_Information shown_.
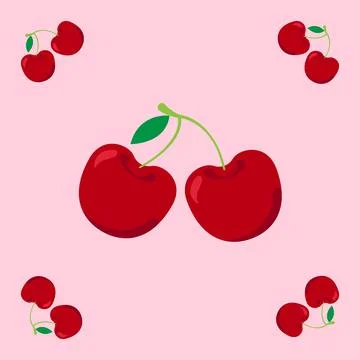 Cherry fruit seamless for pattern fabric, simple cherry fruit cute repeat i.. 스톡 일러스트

--

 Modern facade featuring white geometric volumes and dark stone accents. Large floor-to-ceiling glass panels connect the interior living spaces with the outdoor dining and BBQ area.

...

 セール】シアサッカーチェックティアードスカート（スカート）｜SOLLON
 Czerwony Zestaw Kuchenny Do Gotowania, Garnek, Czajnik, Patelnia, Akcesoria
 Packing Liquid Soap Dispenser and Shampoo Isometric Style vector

_The task_.
All lines above from the one with "セール】シアサッカーチェックティアードスカート（スカート）｜SOLLON" to the one with "Packing Liquid Soap", inclusive, should be copied exactly, and no other lines.

_Response below_.
 セール】シアサッカーチェックティアードスカート（スカート）｜SOLLON
 Czerwony Zestaw Kuchenny Do Gotowania, Garnek, Czajnik, Patelnia, Akcesoria
 Packing Liquid Soap Dispenser and Shampoo Isometric Style vector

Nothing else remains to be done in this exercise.